Lula revela o que conversou com Leonardo DiCaprio durante encontro com ator

Lula revela o que conversou com Leonardo DiCaprio durante encontro com ator
- Foto: Ricardo Stuckert

Em 2019, Jair Bolsonaro apontou o dedo para Leonardo DiCaprio e, sem apresentar uma única prova, acusou o ator de financiar incêndios criminosos na Amazônia.
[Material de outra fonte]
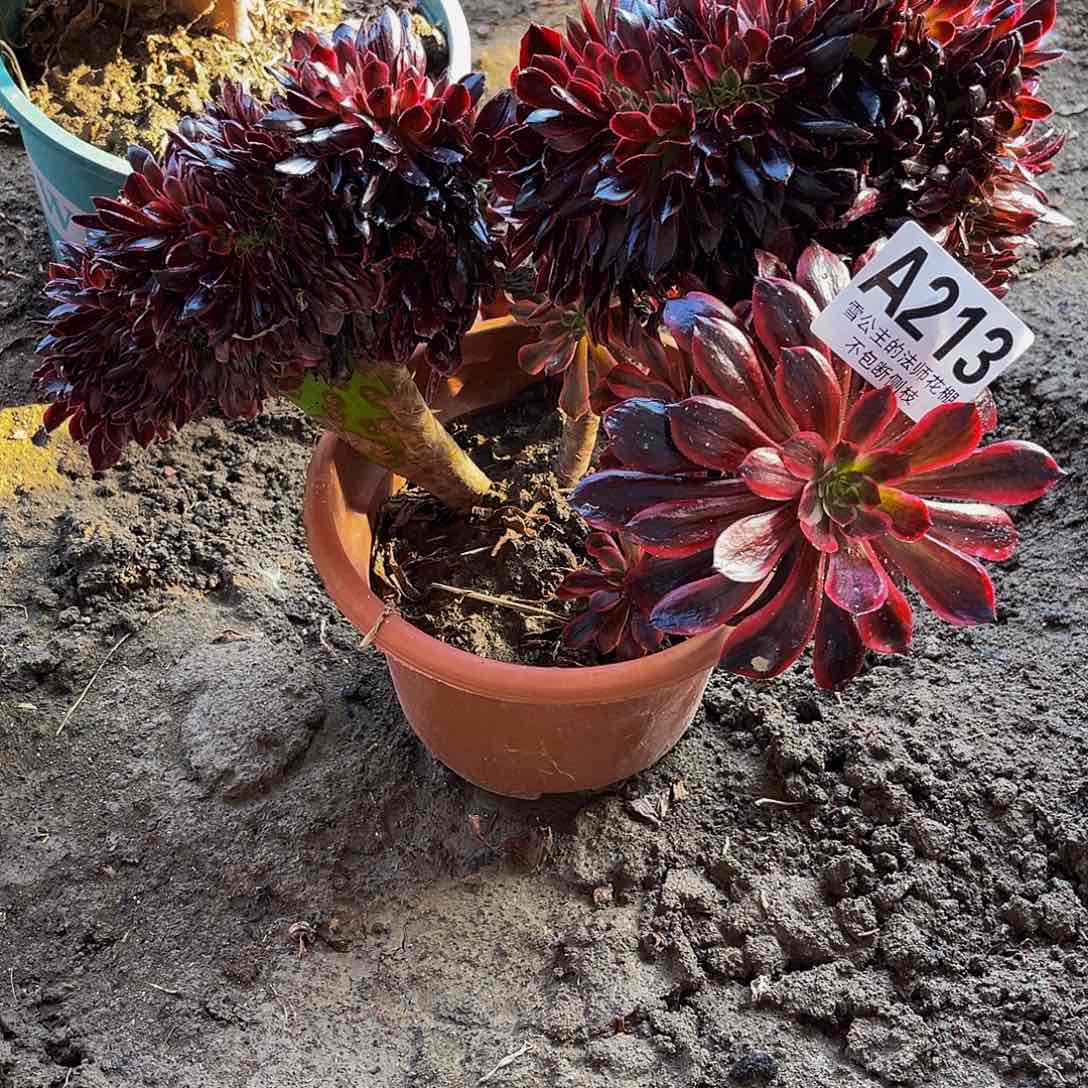 法师法师15–43包邮法师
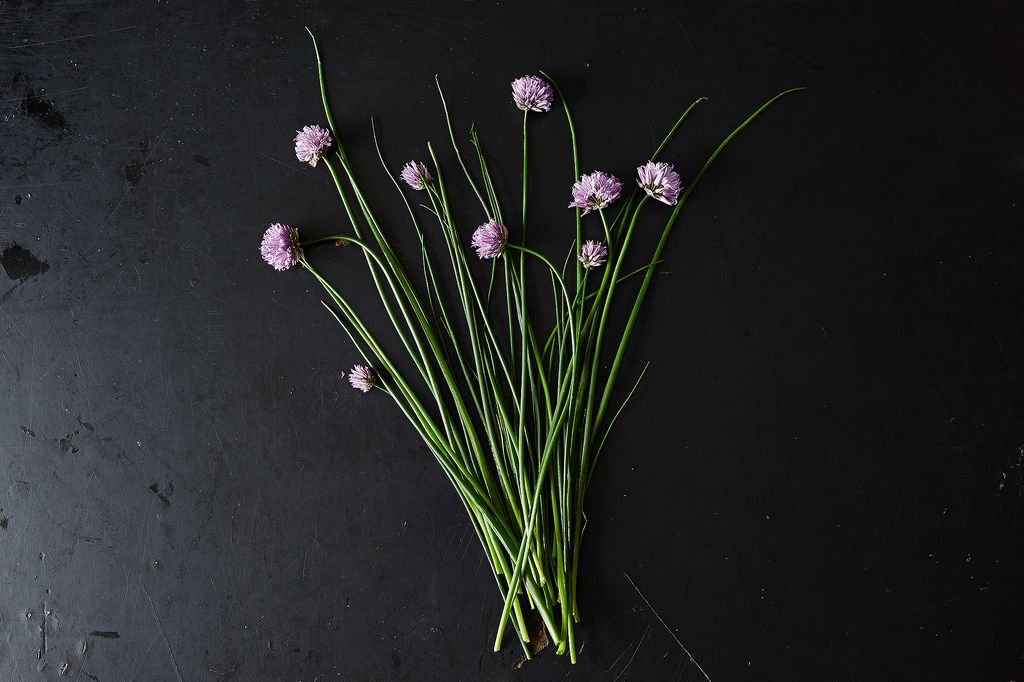All About Chives and Chive Blossoms, from Food52
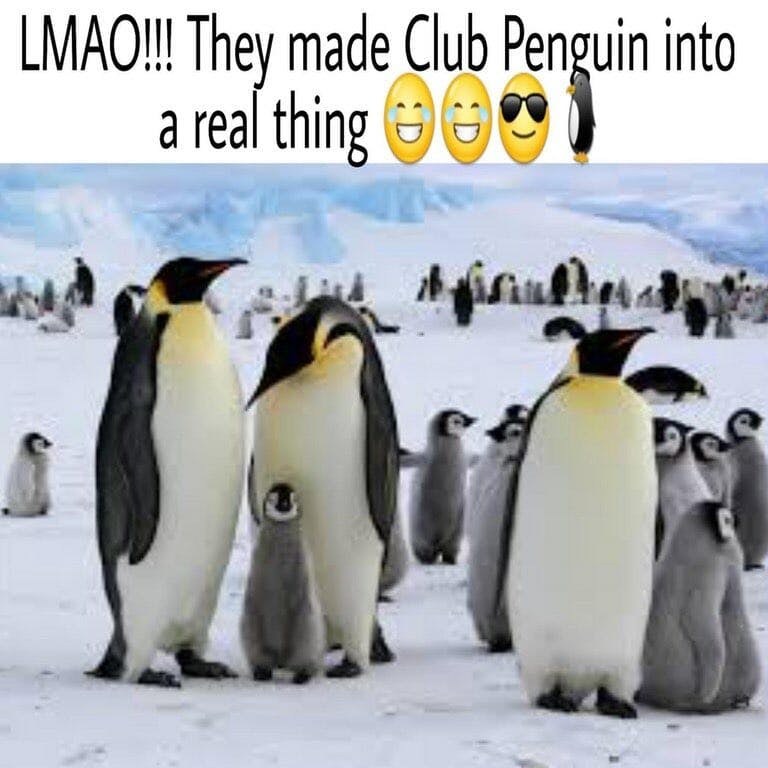 club penguin with real penguins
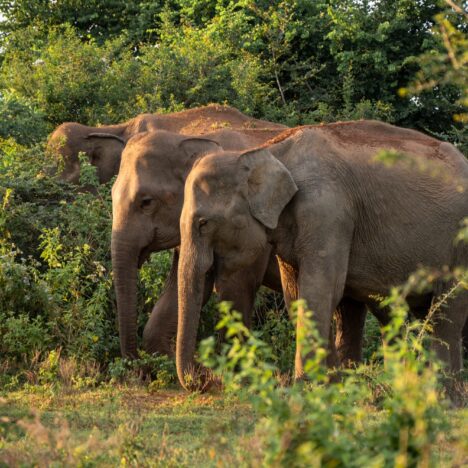 7 activiteiten die je niet mag missen in Ella, Sri Lanka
Sete anos depois, o ativista ambiental entrou pela porta da frente do Palácio do Planalto para conversar com o presidente Luiz Inácio Lula da Silva sobre proteção das florestas, povos indígenas e enfrentamento à crise climática.
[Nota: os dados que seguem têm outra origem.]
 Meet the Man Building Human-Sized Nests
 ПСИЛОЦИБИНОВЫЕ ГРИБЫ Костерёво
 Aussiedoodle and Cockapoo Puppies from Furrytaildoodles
O encontro desta quarta-feira (2), que também contou com a participação da primeira-dama Janja, durou cerca de 40 minutos e produziu uma imagem simbólica da mudança de orientação do governo brasileiro na agenda ambiental.
Se durante a gestão Bolsonaro, ambientalistas e organizações não governamentais foram frequentemente colocados sob suspeita pelo próprio presidente, o atual governo tenta reconstruir a imagem internacional do Brasil como protagonista das discussões sobre preservação ambiental e mudanças climáticas.
Durante a conversa, Lula apresentou a DiCaprio algumas das medidas adotadas pelo governo para reduzir o desmatamento, combater o garimpo ilegal e proteger os territórios indígenas.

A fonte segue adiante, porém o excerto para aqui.